Sdrammatizziamo perché loro sono piccoli e non li vogliamo spaventare, li vogliamo sereni, felici, e li vorremmo vedere sempre positivi senza paure e ansie. Sarà quello che provano le mamme ed i papà di quei bambini che sentendo le bombe e vedendo i bambini piangere si devono inventare un gioco nonostante siano anche loro fragili ed indifesi? Quanto è difficile mostrarsi forti davanti ai nostri figli quando dentro di noi regna il terrore di non poter garantire loro un mondo migliore.

Quando siamo andati sui balconi a cantare in pigiama, sembrando dei ricoverati in ospedali o dei prigionieri in carcere tutti quanti, ed abbiamo applaudito i nostri eroi medici ed infermieri, ed i volontari, non abbiamo fatto lo stesso con i nostri figli? Abbiamo cercato di renderlo uno spettacolo, divertente, felice e spensierato, abbiamo creato un momento di allegria ed abbiamo voluto dimostrare loro che la vita è ancora bella e che andrà tutto bene. Esattamente come fanno loro, che dopo i massacri, mesi senza scuola, padri senza lavoro, rientrano a casa circondati dalle macerie per cenare con le loro famiglie. La normalità in circostanze non normali.

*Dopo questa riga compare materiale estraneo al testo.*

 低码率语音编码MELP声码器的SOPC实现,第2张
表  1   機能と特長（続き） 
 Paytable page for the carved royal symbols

E poi ci sono gli eroi. Noi almeno li abbiamo, gente che rischia la vita per noi, e loro che i loro eroi li hanno persi? Che non hanno ospedali perché sono stati rasi al suolo! Che fortuna avere quello che abbiamo, ce ne siamo mai resi conto?

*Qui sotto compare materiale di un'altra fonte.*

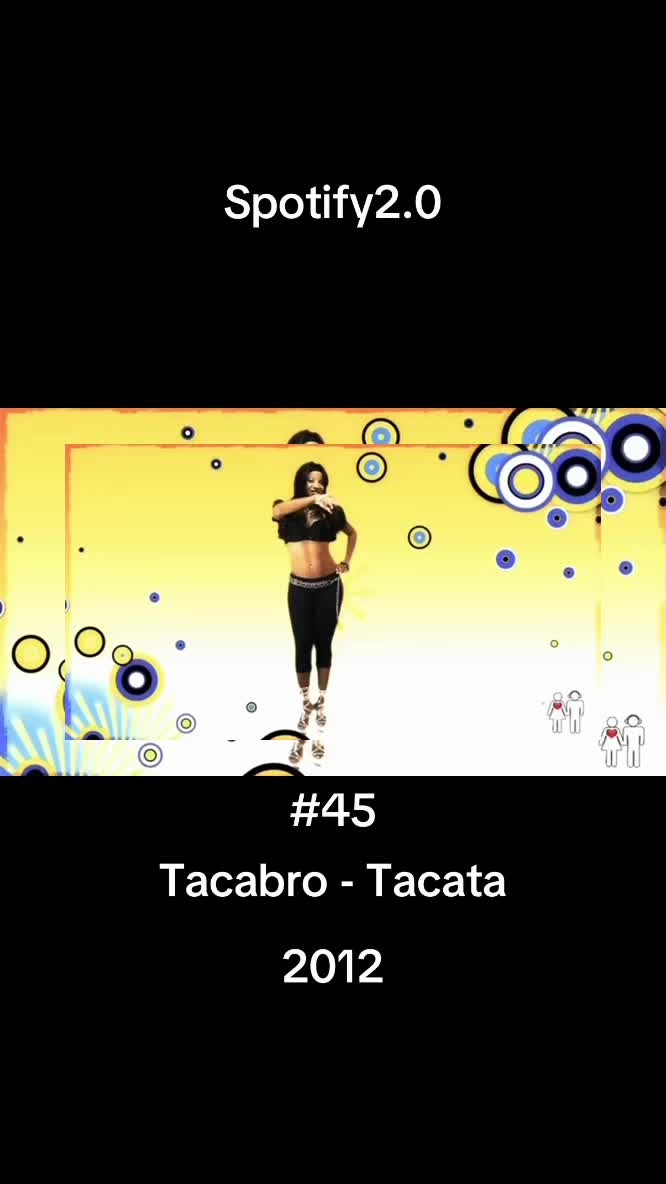 @Spotify 2.0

Questo sistema e questi valori che sono la dimostrazione che siamo civili, evoluti, e quelli che questi valori non li hanno? Quei paesi o quelle istituzioni che mettono il profitto prima dell’individuo? Quei paesi (purtroppo anche il nostro) che hanno investito nelle cose sbagliate, come negli armamenti e le industrie belliche? E quei paesi che sono ricchi ma non abbastanza umanamente ricchi per curare la propria popolazione, cosa impareranno loro da questa lezione?

Quando l’avremo vinta questa sfida, avremo imparato ad essere grati. Grati delle cose essenziali volgeremo lo sguardo verso altri paesi con occhi umani, non considerandoli più lontani, ma vicini, fratelli.

Vedremo l’individualismo e l’egoismo come “valori” pericolosi per se stessi e per gli altri, per l’intera umanità.

Ed infine tutti arriveremo a capire che gli altri siamo noi, e che ora è veramente arrivato il momento di trattare gli altri come vorremmo essere trattati noi, perché solo cosi il mondo sarà più bello, come quello che creiamo quando dalla finestra cantiamo tutti insieme per resistere e superare uno dei periodi più bui per l’umanità.